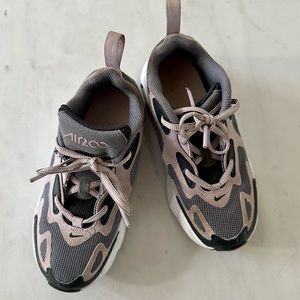 Nike Air Girls sz 12 Sneakers Pink & Grey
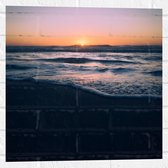 Muursticker - Ondergaande Zon bij de Zee - 50x50 cm Foto op Muursticker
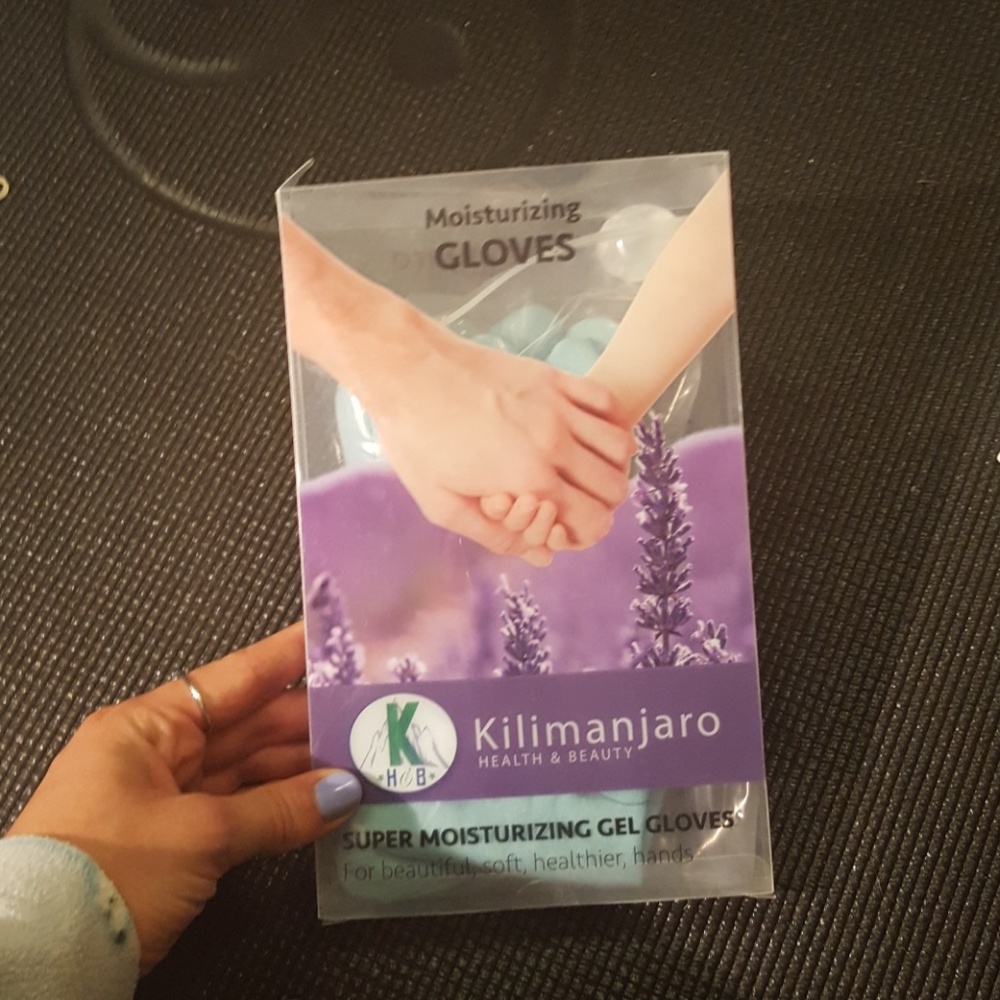 Moisturizing tell gloves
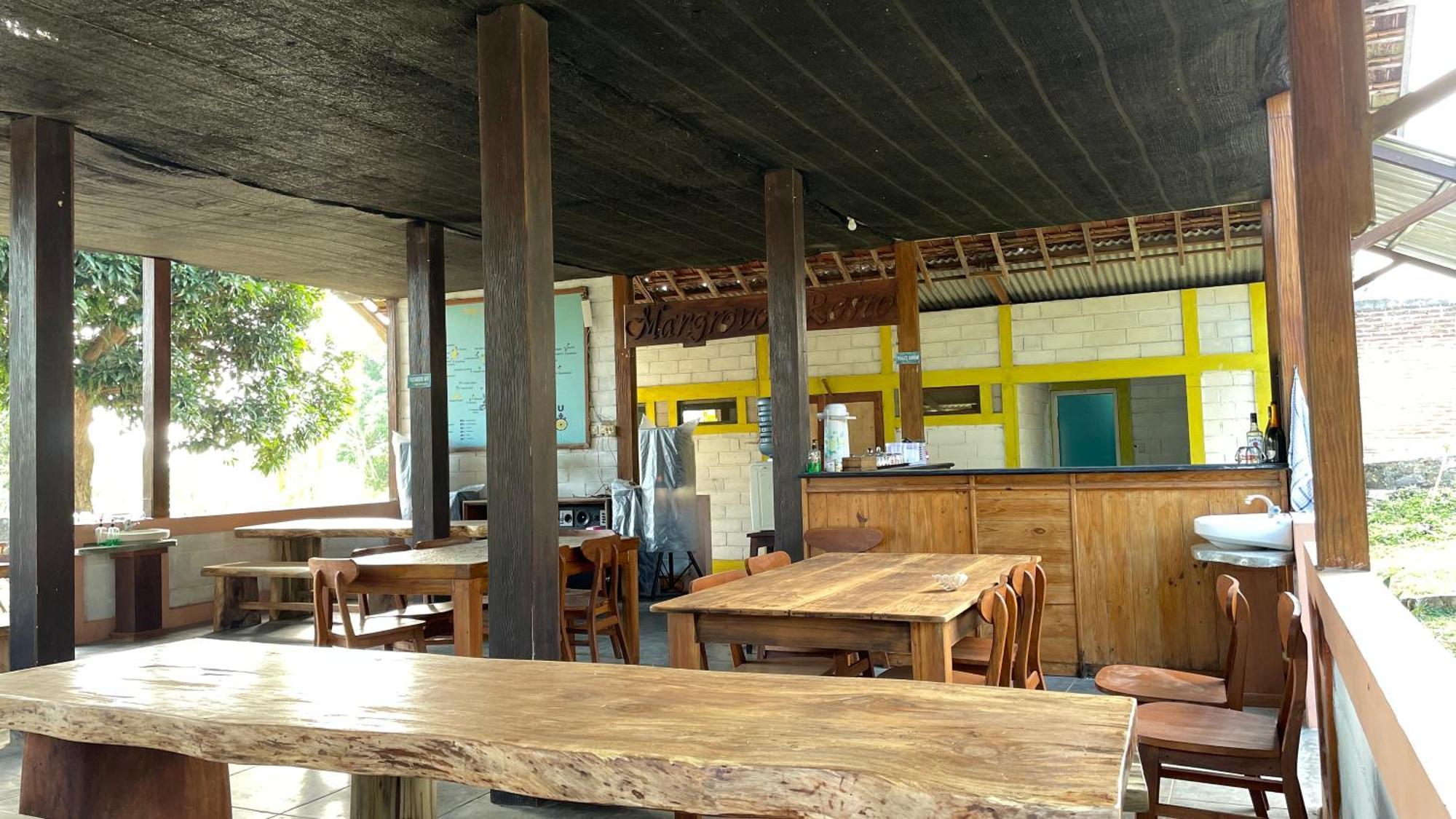 Mangrove Inn كاريمونجاوا المظهر الخارجي الصورة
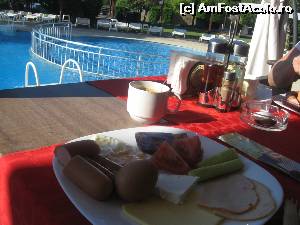 [P10] Micul dejun inclus, servit pe terasa restaurantului aflat deasupra piscinei » foto by dorgo
 - 
<span class="allrVoted glyphicon glyphicon-heart hidden" id="av626285"></span>
<a class="m-l-10 hidden" id="sv626285" onclick="voting_Foto_DelVot(,626285,8580)" role="button">șterge vot <span class="glyphicon glyphicon-remove"></span></a>
<a id="v9626285" class=" c-red"  onclick="voting_Foto_SetVot(626285)" role="button"><span class="glyphicon glyphicon-heart-empty"></span> <b>LIKE</b> = Votează poza</a> <img class="hidden"  id="f626285W9" src="/imagini/loader.gif" border="0" /><span class="AjErrMes hidden" id="e626285ErM"></span>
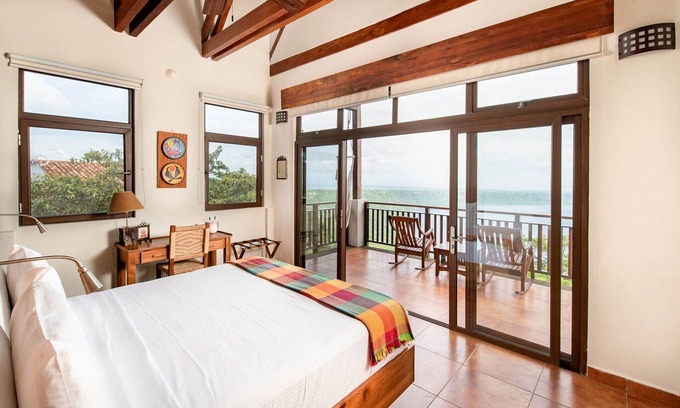 Catarina Hotel | Hotel Pacaya Lodge & Spa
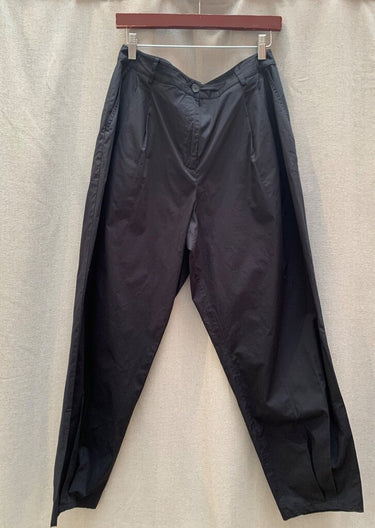LE BOP Black Pleated Tapered Leg Pants sz M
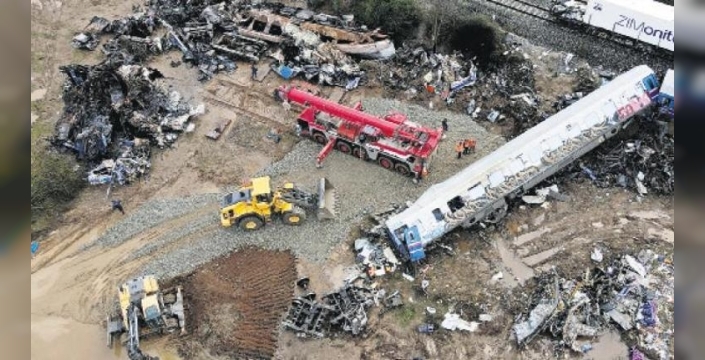 İspanya'da tren kazasında 39 kişi yaşamını yitirdi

* * *

EXERCISE REQUIREMENTS: Your task is to reproduce exactly the lines from the one that holds "LE BOP Black Pleated Tapered Leg Pants sz M" to the last line of the listing, and only those, omitting the pictures.

WORKED SOLUTION:
LE BOP Black Pleated Tapered Leg Pants sz M
 İspanya'da tren kazasında 39 kişi yaşamını yitirdi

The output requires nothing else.